• EXERCISE PROMPT:
From the data that follows, set down exactly the lines from the one with "Princess Isabel Brick Poster" through the one with "borne,arcade,tomb raider,lara croft,arcade", counting both. Pictures stay out.

• MATERIAL SHOWN:
■ ■ ■

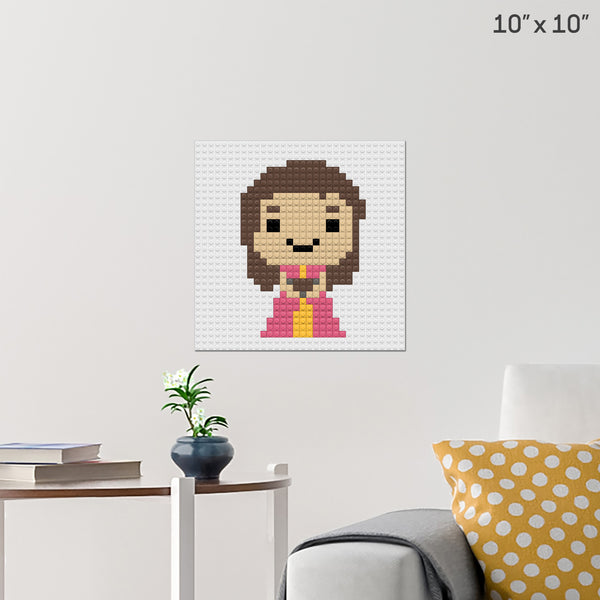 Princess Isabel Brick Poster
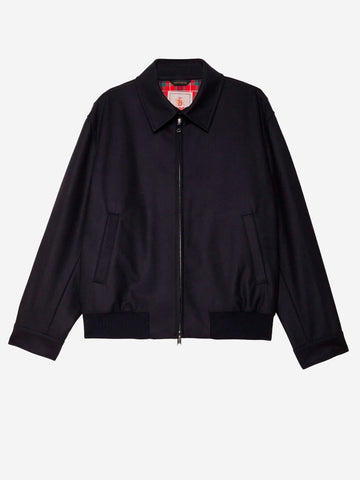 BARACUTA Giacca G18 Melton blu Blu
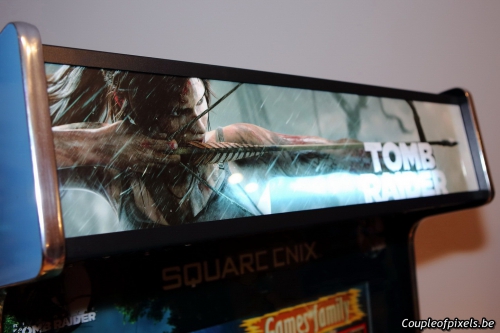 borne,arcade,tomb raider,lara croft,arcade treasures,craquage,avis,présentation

■ ■ ■

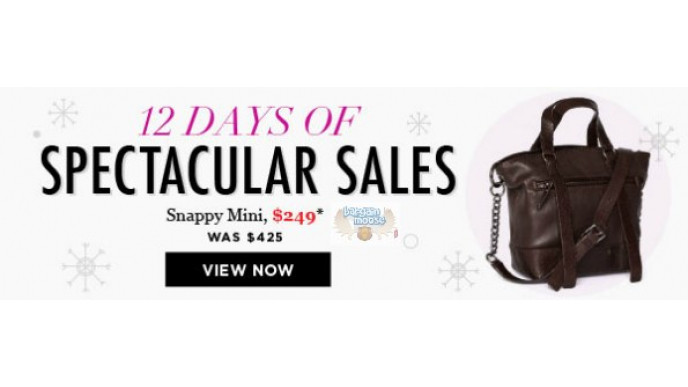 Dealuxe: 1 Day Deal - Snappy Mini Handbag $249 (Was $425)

■ ■ ■

• SOLUTION:
 Princess Isabel Brick Poster
 BARACUTA Giacca G18 Melton blu Blu
 borne,arcade,tomb raider,lara croft,arcade treasures,craquage,avis,présentation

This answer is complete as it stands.